To really use divination, you have to use your curiosity. You have to find your precise questions. Divination is the art of seeing and observing. You have to use these tools to help you observe the world that you’re also a part of. You have to find the things that you are interested in enough to actually try and observe. That’s the true value of divination.
This is why I wanted to scream with mirth when I watched the recording of Bazi Queen’s workshop. Yes! Asking some random person what your entire natal chart means in general is like asking someone what the entire I Ching means. What does it mean? Absolutely nothing if you don’t have a question.
And the I Ching is a bitch. Let me tell you. If your question isn’t the right question, the I Ching will not give you a good answer. It sometimes refuses to answer if it thinks that you’re not taking the art of question asking seriously enough.
“Bazi isn’t math,” Bazi Queen says. “You can’t say that there’s three of this here and so it means this.”
When she said that, I knew that I was absolutely in love with this practitioner.

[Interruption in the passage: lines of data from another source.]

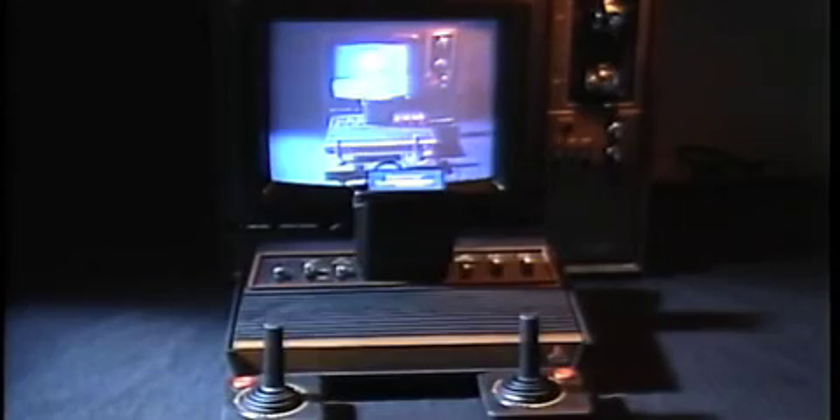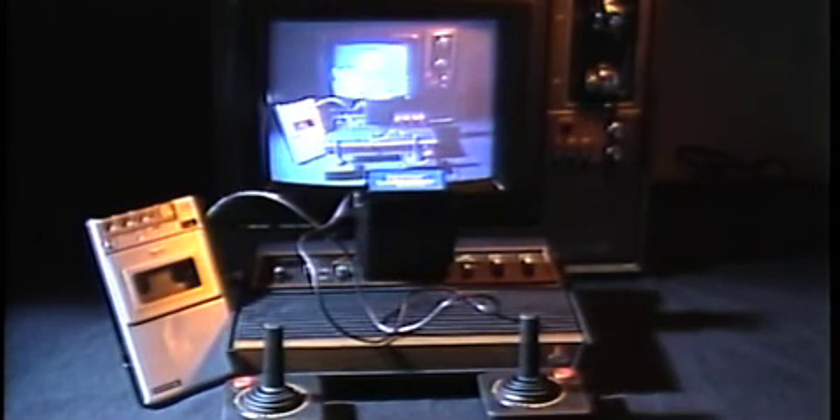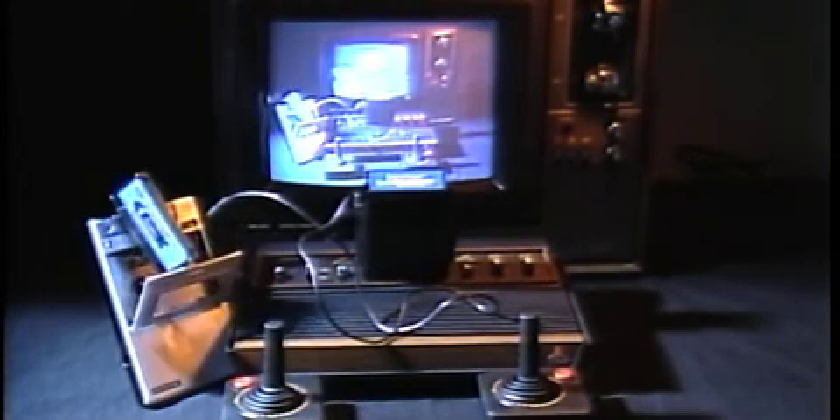It's easy. Plug the Supercharger into the cartridge slot, connect the Supercharger to your cassette player, insert the game cassette, press play,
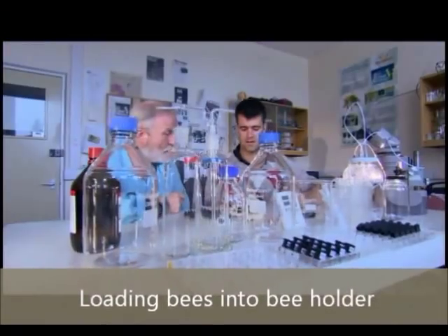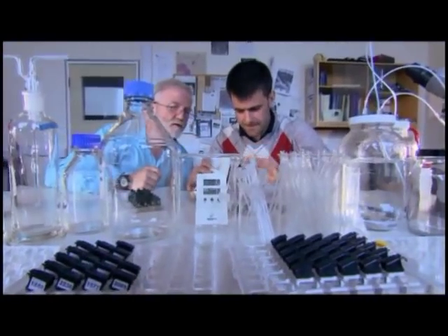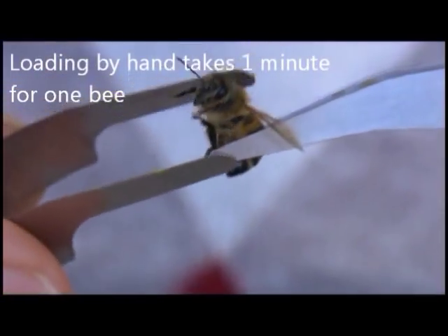So what happens now? Now we're going to take a bee out of this cartridge. And you're using very soft forceps. That's right.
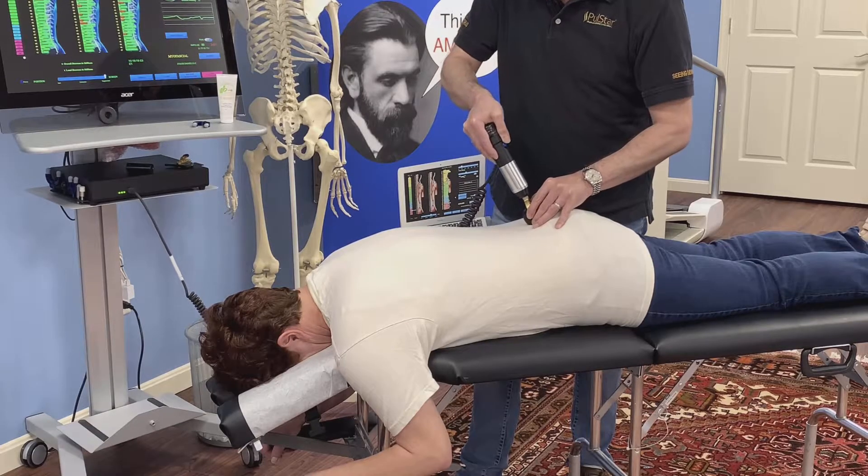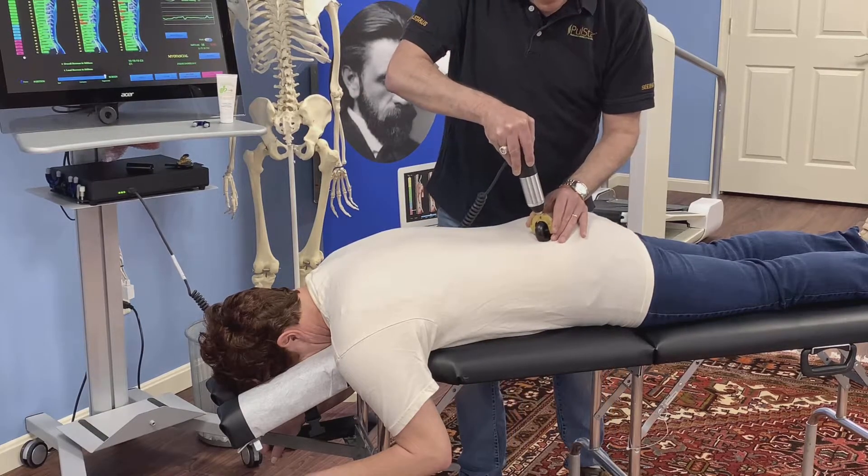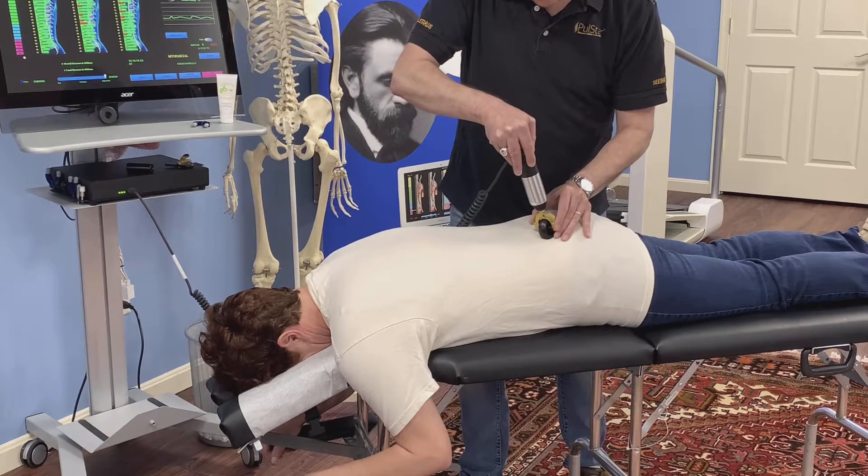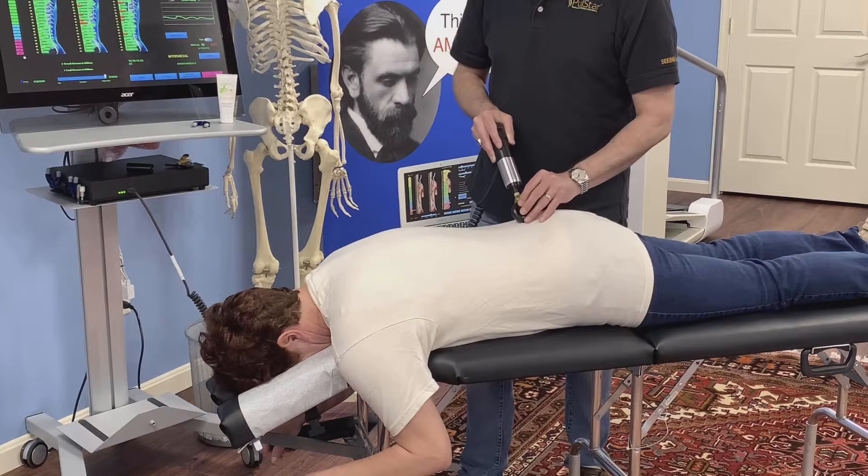Anywhere that I find a very tight area, I can just roll back and forth through that section and relax those muscles very easily.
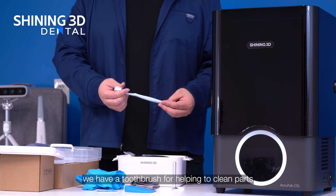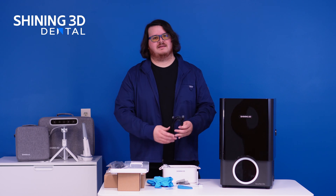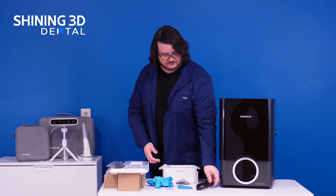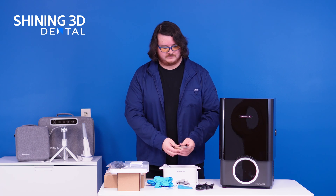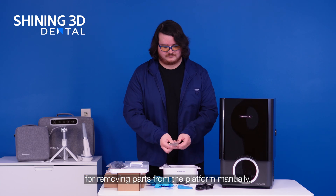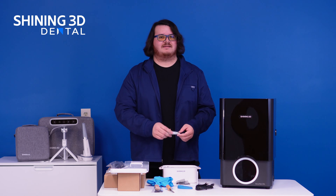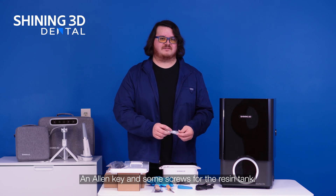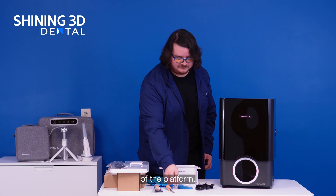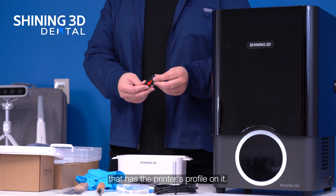On the bottom layer, we have a toothbrush for helping to clean parts after curing, an ethernet cable for wired file transfer, two metal scrapers for removing parts from the platform manually, an allen key and some screws for the resin tank. You'll need the allen key for doing the leveling of the platform, and a USB drive that has the printer's profile on it.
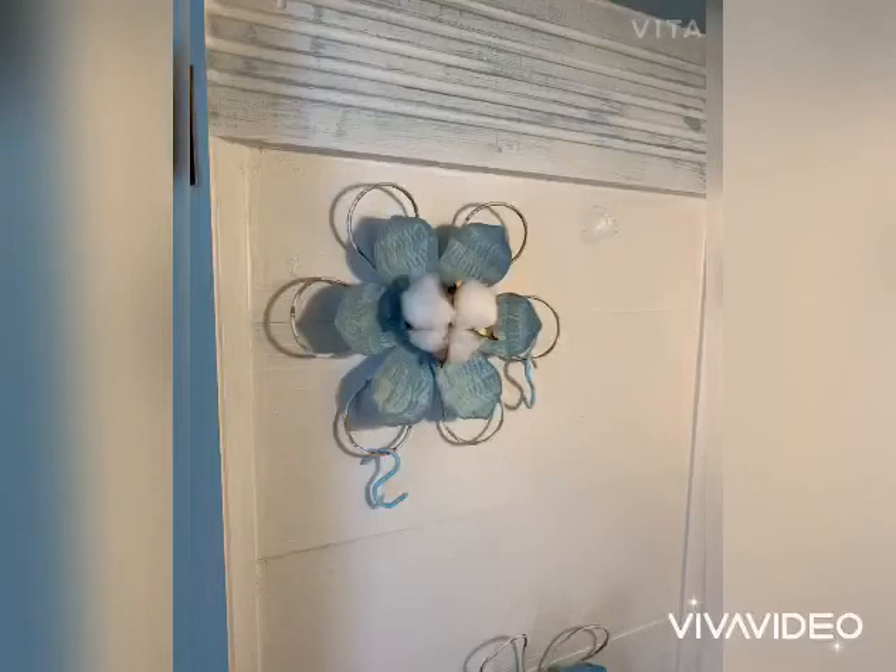And I transformed it into the perfect decor to hang my mugs on my coffee bar.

What are you actually curious about? What brought you to studying astrology in the first place? What are you looking for? Divination is the art of seeing. You have to be looking for something.

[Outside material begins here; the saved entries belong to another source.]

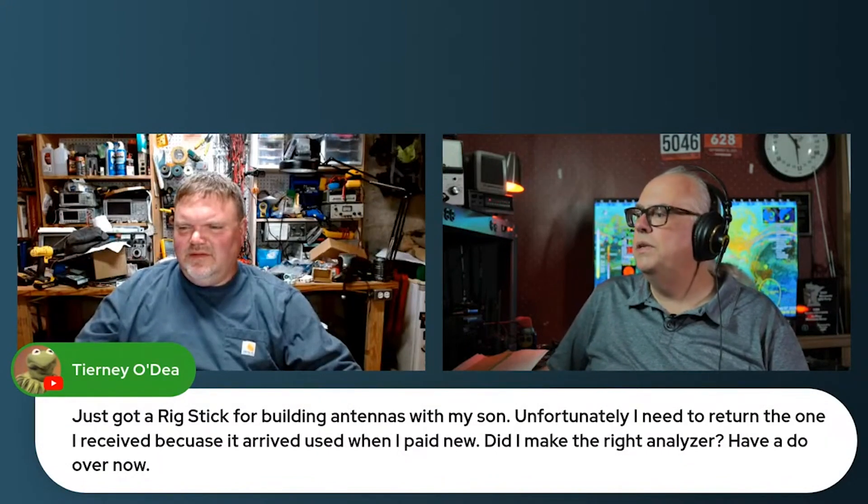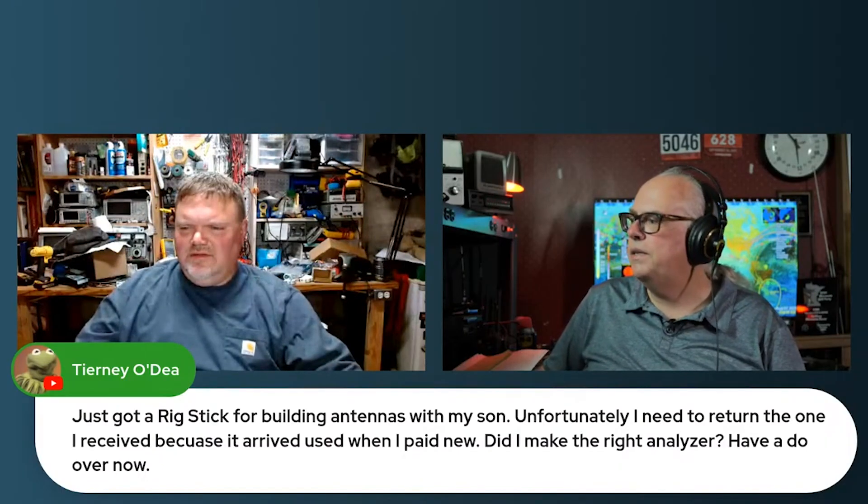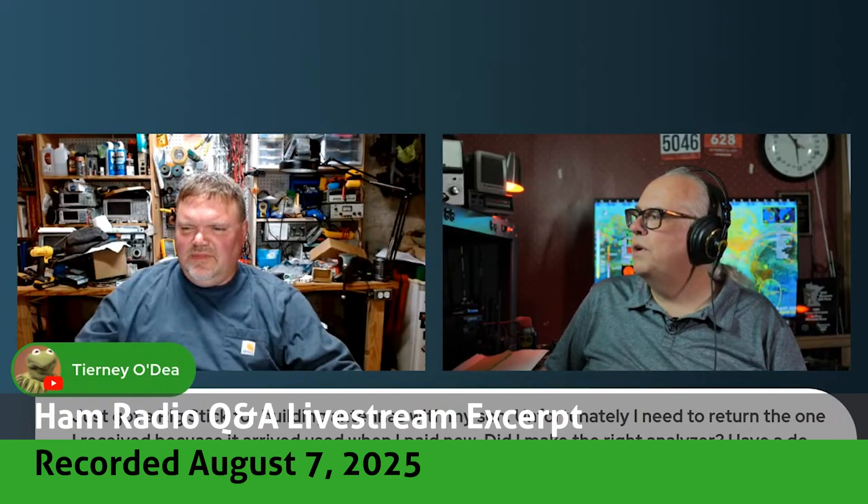Just got the RigExpert Stick for building antennas with my son. Unfortunately, I had to return the one I received because it arrived used when I paid for new. Did I make the right choice with this analyzer? I have a do-over now.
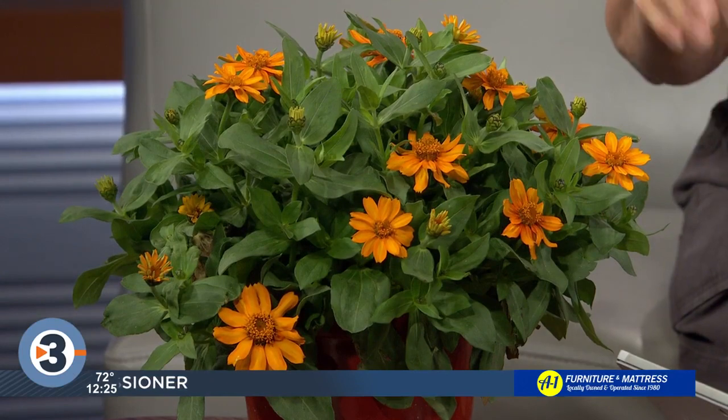Lisa Briggs from the Bruce Company is here answering your plant and garden questions. Our phones are not operating, so first of all, what do we have here? We've got a zinnia — it's a flowering annual that blooms a long time.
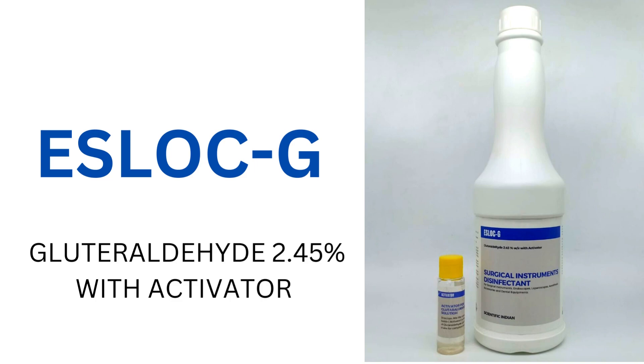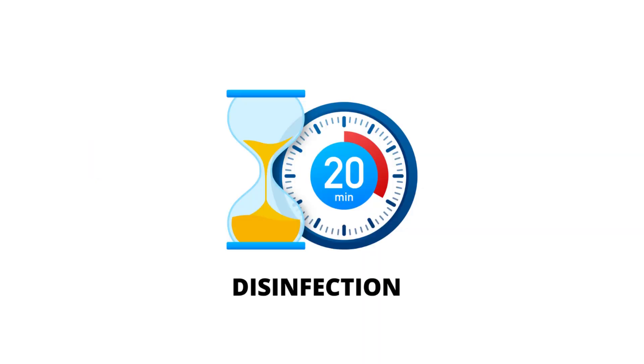We recommend SLOC-G glutaraldehyde 2.45% solution, which comes with an activator. The product link is given in the description of the video. The instrument should be allowed to soak in the activated glutaraldehyde 2.45% SLOC-G solution for at least 20 minutes for disinfection.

I know why people don’t like to ask questions. Y’all don’t want to seem self centered. Question asking is vulnerable. Oh no, I’m curious about my life because I care about people and the world and myself! Let me just ask a “in general” question because I’m trying to pretend to be a humble student who is just studying astrology like one might study algebra. Someone else might have the same placement as me. My question is not about me. I’m a scientific thinker, not a personally motivated one. I don’t want to be awkward.

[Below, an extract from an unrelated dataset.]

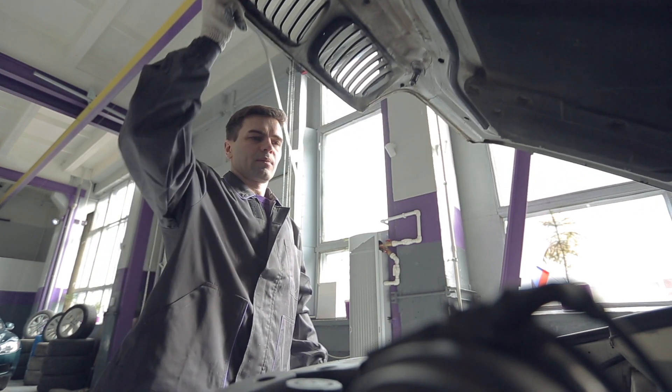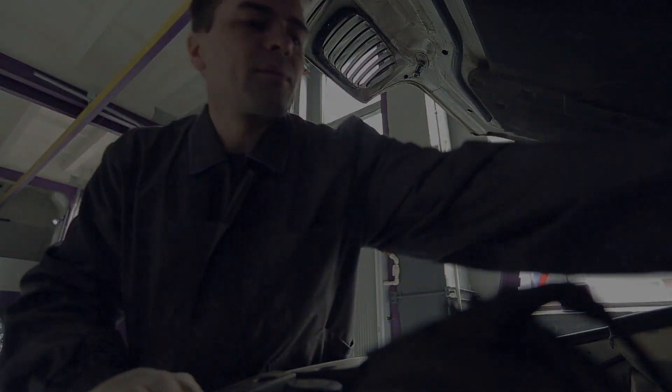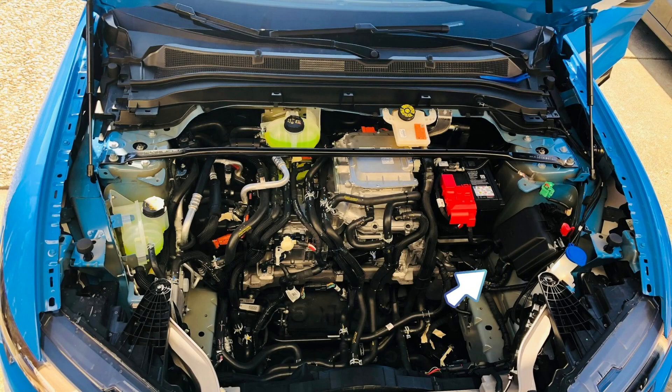Located in the engine compartment, the Mustang Mach-E fuse box is situated near the front of the vehicle, typically on the driver's side. To access it, open the hood and look for a rectangular-shaped black box with a removable lid. Here's the diagram.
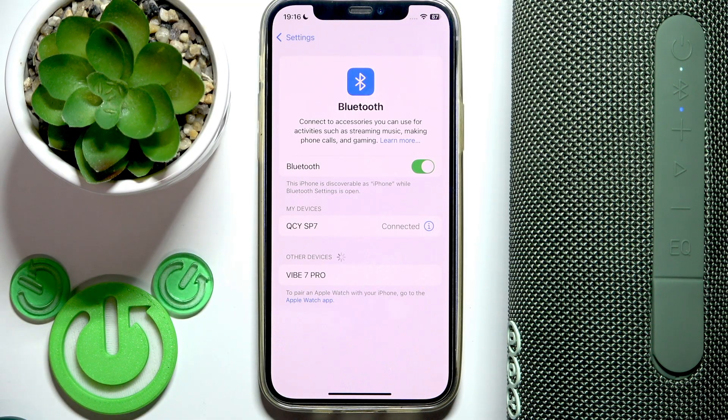Check if it fixed your problem. If it doesn't, I have one more solution: reset Bluetooth settings. But once you do this, you will remove all your Wi-Fi networks from your phone. If that's okay for you, let's go.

No, you’re here because you’re interested in living as yourself. This doesn’t work if you’re not interested in some aspect of your own life.
Am I self critical because I tend to take on too much responsibility or am I truly flakey?
Will paying my roommate’s rent be a good move for stability or am I falling into bad patterns?
Am I moving for the reasons that I think I am?
Why does this thing that my partner does that used to turn me on disgust me now?
Why do I laugh when I am angry?
These are the kinds of questions that you can use astrology to find and then to ask. People don’t just get into astrology out of the blue for no reason. You have a question. You are interested in something. That curiosity is what makes the art of divination come alive, what saves storytelling from being entertainment and what transforms it into participation.
And guess what? Astrologers are curious about you. We’re not some kind of Yoda like human who is channeling the spirits for no reason. We got into our practices because we are interested in people and we want to hold your curiosity with you. Most of us, anyway. You can practice astrology if you are curious about the people who you work with. That’s what I think.
Be curious. Ask. Be precise because your imagination thrives on details. Give your compassion because curiosity can turn into criticality if you’re unkind. Participate. Participate in your own divination! Do all of those things and you will find your questions. If you can look for them, truly look for them and find them, then you might even find your answer.
And I know—not every setting is the right one for showing your curious side. It takes some level of trust and not every moment is the right one for a reading. That’s true. If you’re sitting with an astrologer and you have no questions that you want to ask them because it’s not the right setting or the right astrologer or the right moment? The astrologer might give a party trick and you might be happy with that if you truly don’t have any questions for them. You might not be happy if you actually did have a question that you didn’t know how to ask.